In addition to the data and filename, csvWriteM()
also allows you to specify:
The data separator or delimiter.
The number of digits of precision to return when exporting.
Whether the data should be appended to a current file, or overwrite an existing file.
The end of line character.
The Command Reference page for csvWriteM()
describes their usage.
Exporting to HDF5 Files#
HDF5 files are flexible data files with many options. Multiple datasets can be held inside a single HDF5 file.
Create an HDF5 data file#
h5create()
will create a new HDF5 file. It requires that you specify:
The file name.
The first dataset to create in the file. (Others may be added later).
The size of the dataset. (Though the dimensions do not need to be fixed).
// Specify 4 columns and a flexible number of rows
dims = __INFP | 4;
// Create an HDF5 file with one dataset named 'data'
call h5create("example.h5", "data", dims);
h5create()
also allows you to specify:
The data type. The default is double precision floating point.
The data chunksize in the file. This can be important for performance of large files.
Write data to an HDF5 data file#
h5write()
will write data to a dataset inside of an HDF5 file previously created by h5create()
.
// Example 2x4 matrix
X = { 1 2 3 4,
5 6 7 8 };
// Write the data in X to the 'data' dataset
// in 'example.h5'
call h5write("example.h5", "data", X);
Write data attributes to an HDF5 data file#
An HDF5 Attribute is extra data stored in a dataset. They can be used to describe the data.
Variable names, or headers, can be stored in an HDF5 Attribute.

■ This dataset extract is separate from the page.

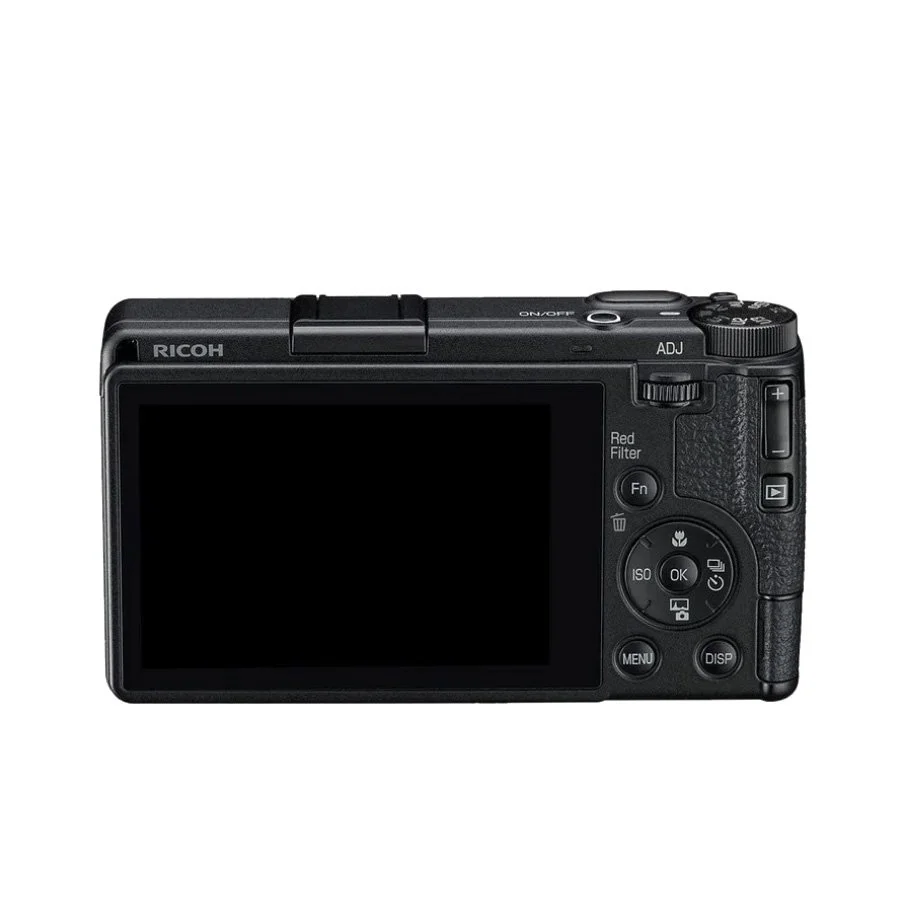 RicohGRIVMonocrhome (4).jpg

// Create a 4x1 string array with variable names
vnames = "alpha" $| "beta" $| "gamma" $| "delta";
// Add the variable names as an Attribute to the 'data' dataset in
// the 'example.h5' file
call h5writeAttribute("example.h5", "data", "headers", vnames);
Note
HDF5 files with an Attribute named headers
containing the variable names can be loadded with loadd()
.
Saving matrices, strings, and string arrays#
Using the save
keyword to save GAUSS matrices (.fmt
) and strings/ string arrays (.fst
) can be very convenient and is very fast. However, it does not support variable names or non-numeric columns.
By default, save
will save the data to your current working directory.
// Example data
X = { 1 2 3 4,
5 6 7 8 };
// Save the data in 'X' to a file named 'X.fmt'
// in your current working directory
save X;
You change the path that save
uses by adding the path
option. For example, if you have a folder named data
inside your current directory:
// Future calls to 'save' will write
// data to the folder C:\\gauss\\data
save path = C:/gauss/data;
save X;